ACEH UTARA, Inibalikpapan.com — Aliansi Jurnalis Independen (AJI) Kota Lhokseumawe mengecam keras tindakan arogansi, kekerasan, dan intimidasi yang diduga dilakukan oknum anggota TNI, Praka Junaidi, terhadap wartawan yang sedang menjalankan tugas jurnalistik di Aceh Utara, Kamis (25/12/2025).

Korban dalam insiden tersebut adalah Muhammad Fazil, Koordinator Divisi Advokasi AJI Kota Lhokseumawe, yang saat itu tengah meliput aksi damai di depan Kantor Bupati Aceh Utara, Landing, Lhoksukon. Aksi tersebut menuntut pemerintah menetapkan status bencana nasional atas banjir bandang yang melanda Sumatera Barat, Sumatera Utara, dan Aceh.

Dalam proses peliputan, Fazil merekam dugaan tindakan represif aparat terhadap massa aksi. Rekaman tersebut merupakan bagian sah dari kerja jurnalistik yang dilindungi Undang-Undang Nomor 40 Tahun 1999 tentang Pers, sehingga tidak dapat diintervensi, disensor, apalagi dirampas oleh pihak mana pun.

Namun, seorang anggota TNI mendatangi Fazil dan memaksa agar video dihapus, meski telah dijelaskan bahwa rekaman tersebut belum dipublikasikan dan masih merupakan bagian dari proses jurnalistik. Anggota tersebut kemudian pergi, tetapi tak lama berselang Praka Junaidi kembali mendatangi Fazil.

Praka Junaidi diduga berupaya merampas paksa telepon genggam milik wartawan tersebut, disertai ancaman akan melempar ponsel jika video tidak dihapus. Tindakan ini memicu tarik-menarik yang berujung pada kerusakan alat kerja wartawan, sehingga menghambat langsung aktivitas jurnalistik dan menimbulkan kerugian materiil.
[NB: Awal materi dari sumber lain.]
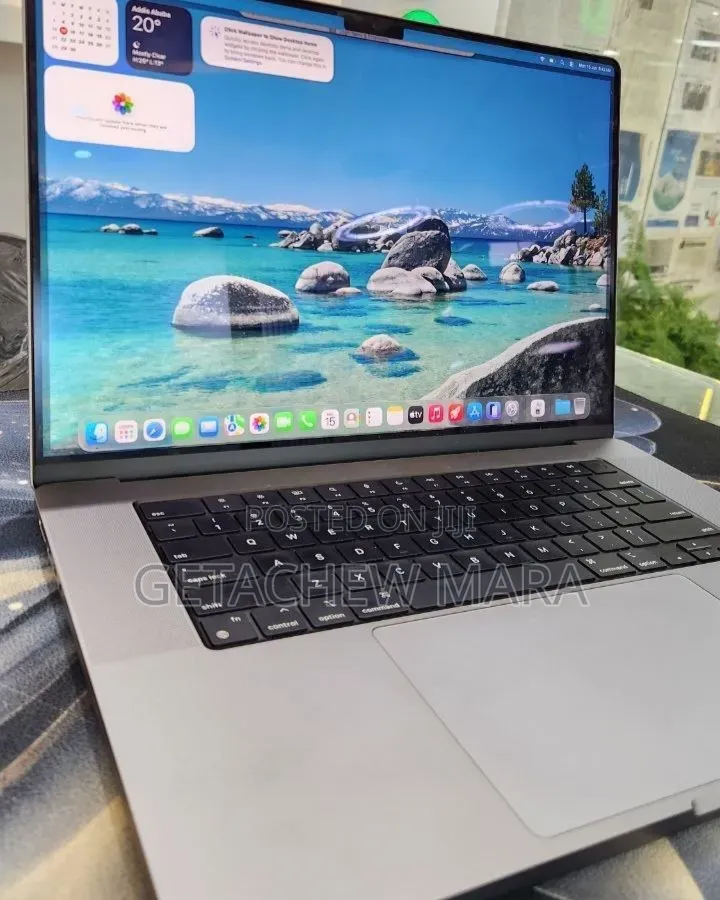 New Laptop Apple MacBook Pro 2021 M1 16GB Apple M1 Pro SSD 1T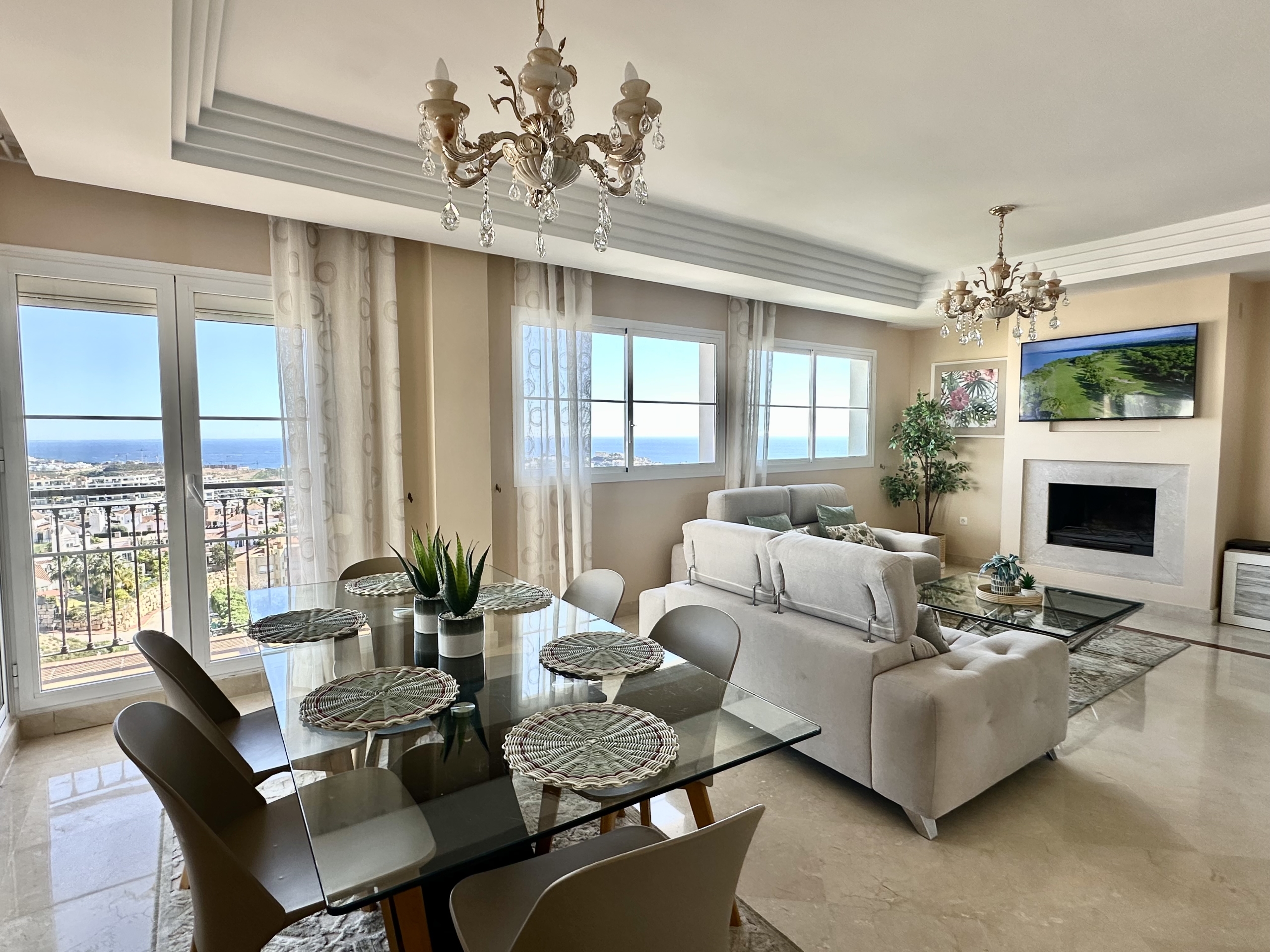 Semi Detached Villa Mirador for Rent in Riviera Del Sol, Málaga, Spain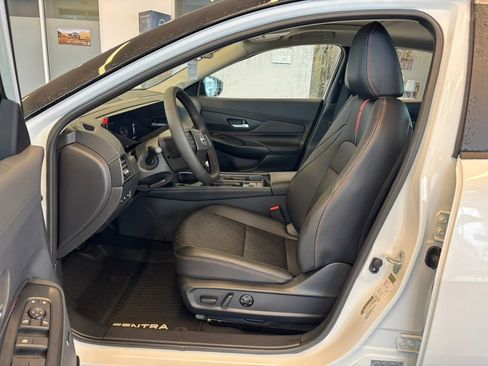 New 2026 Nissan Sentra SR w/ SR Premium Package image 14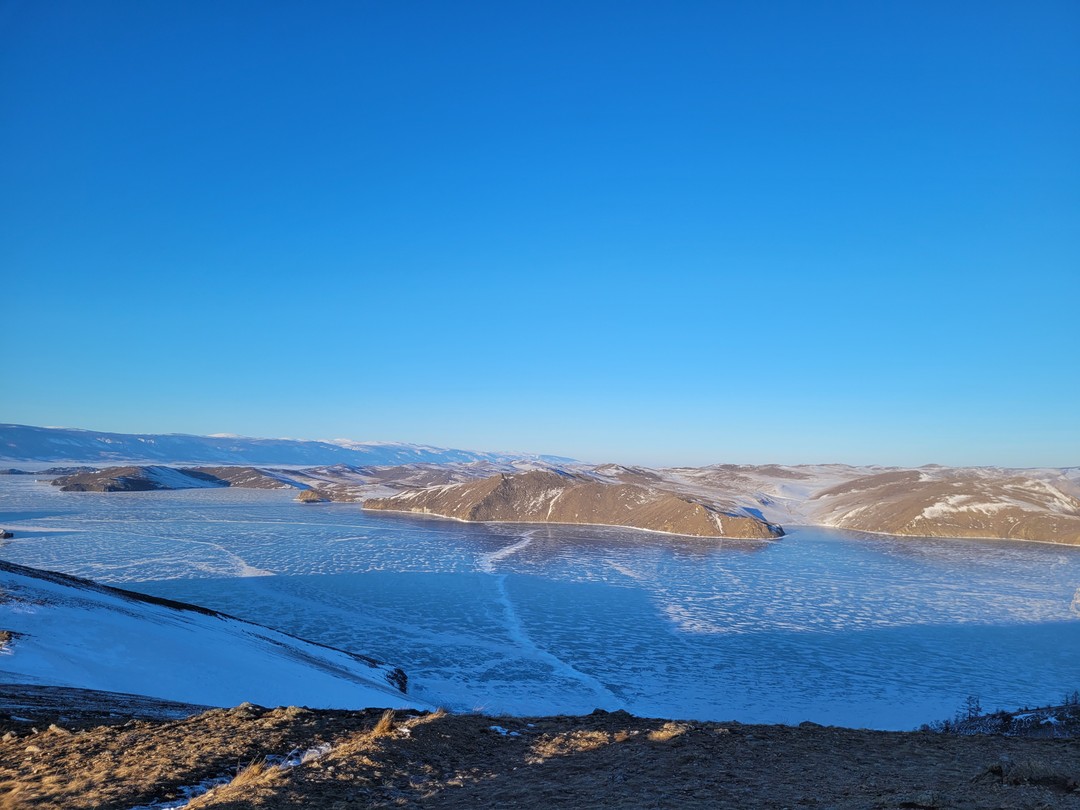 Зимний Ольхон: чистый лёд, пузырьки и гроты (Ольга)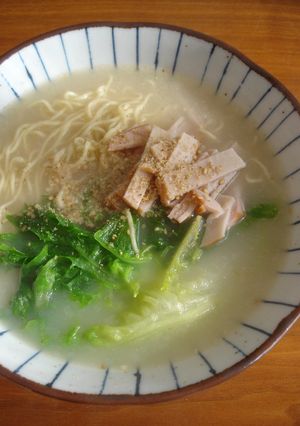 豚骨ラーメンにはレタス♪-レシピのメイン写真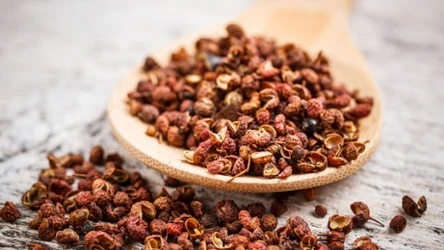 Czy pieprz syczuański jest zdrowy? Kto powinien go spożywać?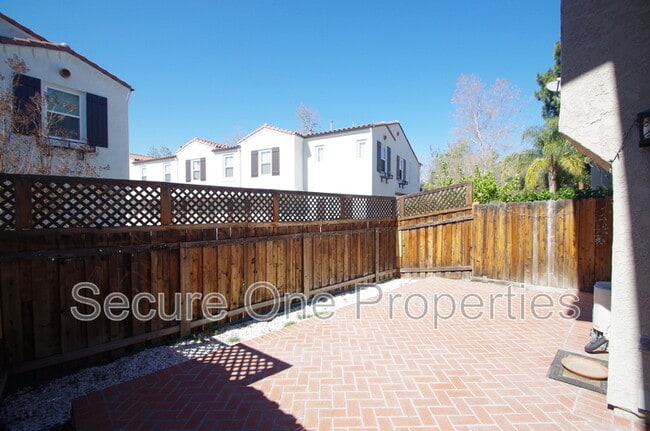 Building Photo - 235 Hill Ranch Dr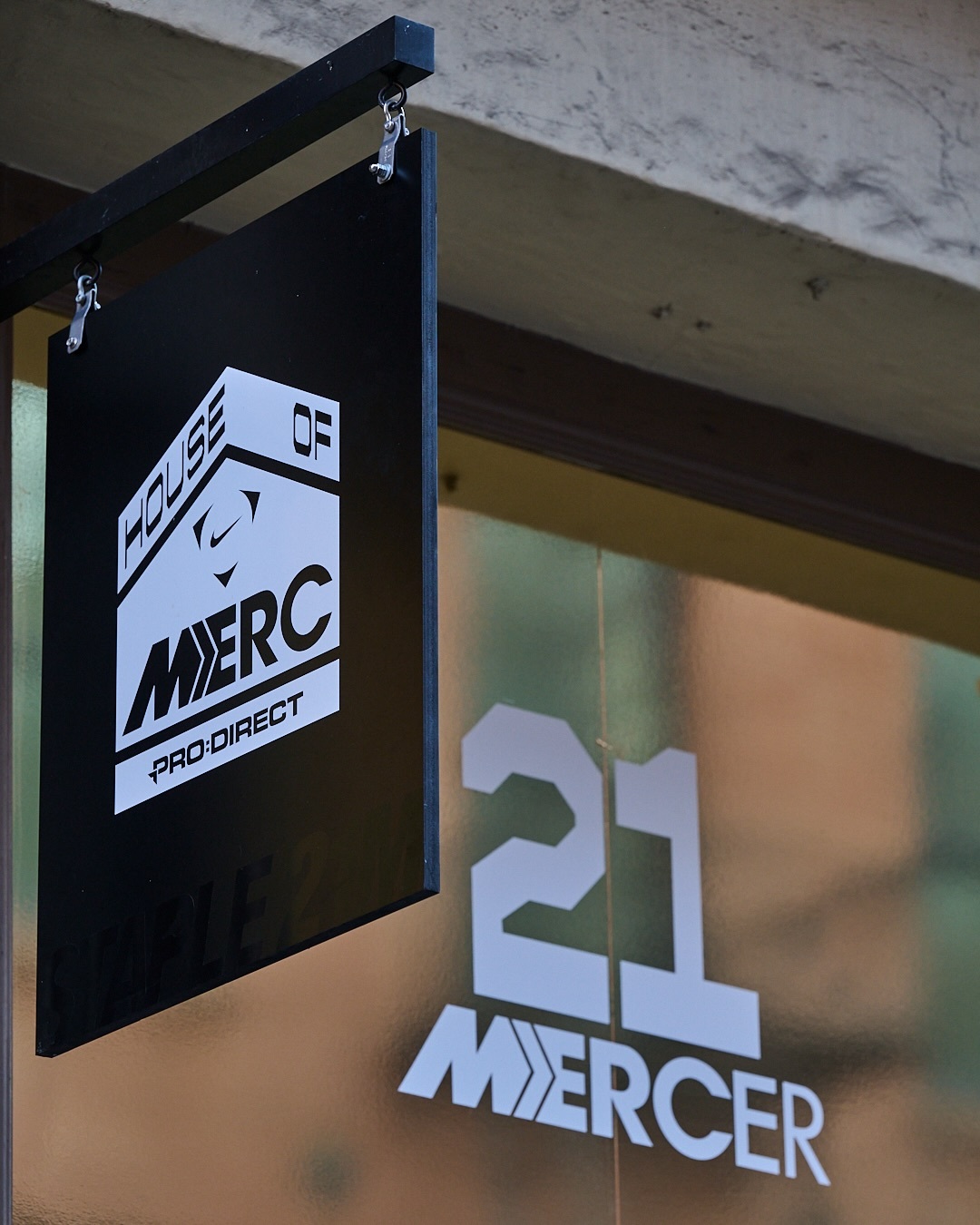 HOUSE OF MERC今天也换上了金色的涂装！ 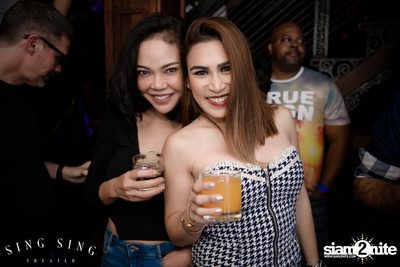 BLING IT กับ Bangkok Invaders ที่ ซิง ซิง เธียเตอร์ — photo 77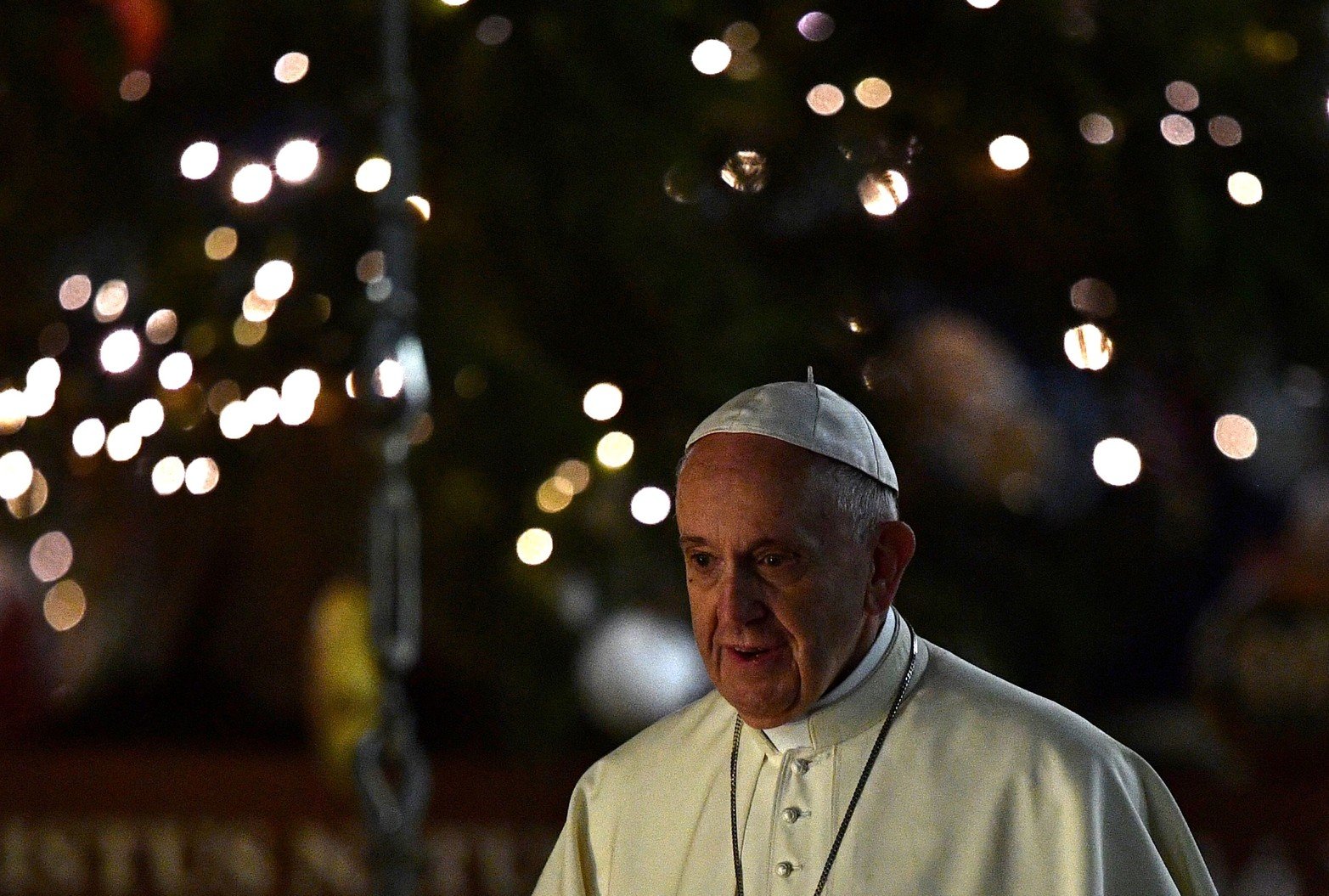 El Papa Francisco mira el pesebre después de presidir el rezo del Te Deum en la Basílica de San Pedro en el Vaticano el 31 de diciembre de 2017.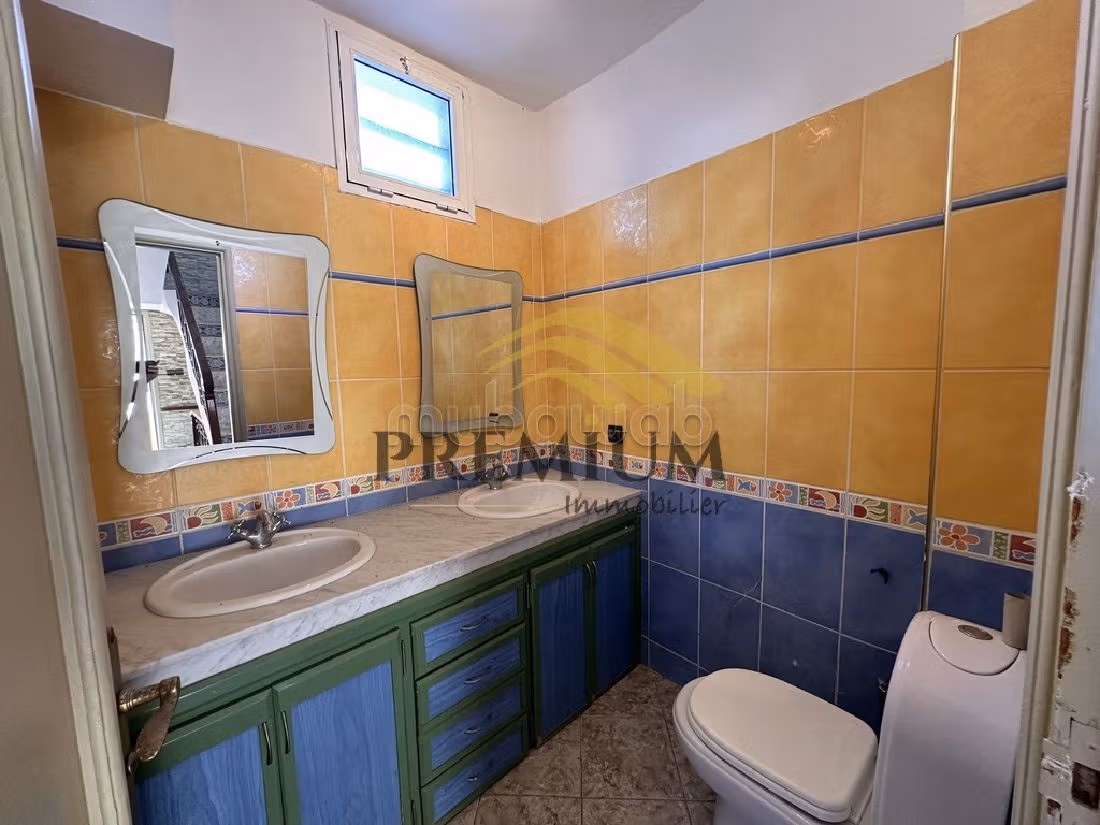 Home to buy in Harhoura. 3 large living areas. Fireplace, swimming pool. 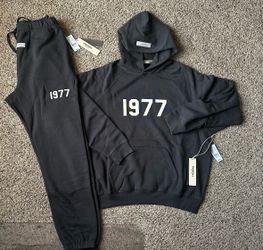 1977 Essentials Set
Meski demikian, rekaman video masih tersimpan di perangkat.

Ketua AJI Kota Lhokseumawe, Zikri Maulana, menegaskan tindakan tersebut merupakan bentuk intimidasi kasar dan penyalahgunaan kekuasaan oleh aparat bersenjata terhadap warga sipil.

“Ini menunjukkan ketidakpahaman aparat terhadap hukum pers dan prinsip kebebasan berekspresi. Wartawan bekerja berdasarkan undang-undang, bukan kehendak aparat,” tegas Zikri.

Fazil juga menegaskan kepada Praka Junaidi bahwa dirinya bukan konten kreator media sosial, melainkan wartawan profesional yang bekerja berdasarkan Undang-Undang Pers dan Kode Etik Jurnalistik.

AJI: Pembungkaman Pers dan Pelanggaran Hukum Serius

AJI Kota Lhokseumawe menyatakan, tindakan Praka Junaidi bukan sekadar pelanggaran disiplin, melainkan tindakan serius yang mengarah pada kekerasan dan pembungkaman pers.

Pasal 8 UU Pers menegaskan bahwa wartawan dilindungi hukum dalam menjalankan profesinya. Sementara Pasal 18 ayat (1) UU Nomor 40 Tahun 1999 tentang Pers mengatur bahwa setiap orang yang dengan sengaja dan melawan hukum menghambat atau menghalangi kerja jurnalistik dapat dipidana penjara maksimal dua tahun atau denda hingga Rp500 juta.

AJI menilai tindakan tersebut sebagai pelanggaran berat terhadap demokrasi, kebebasan pers, dan supremasi hukum, serta mencederai komitmen reformasi sektor keamanan.

Tuntutan AJI Lhokseumawe

AJI Kota Lhokseumawe mendesak:

  1. Panglima TNI Jenderal Agus Subiyanto dan Pangdam Iskandar Muda Mayjen TNI Joko Hadi Susilo segera mengusut tuntas kasus ini dan menjatuhkan sanksi tegas terhadap Praka Junaidi.
  2. Penggantian kerugian materiil akibat rusaknya alat kerja wartawan.
  3. Jaminan perlindungan dan keamanan bagi jurnalis yang menjalankan tugas peliputan di Aceh.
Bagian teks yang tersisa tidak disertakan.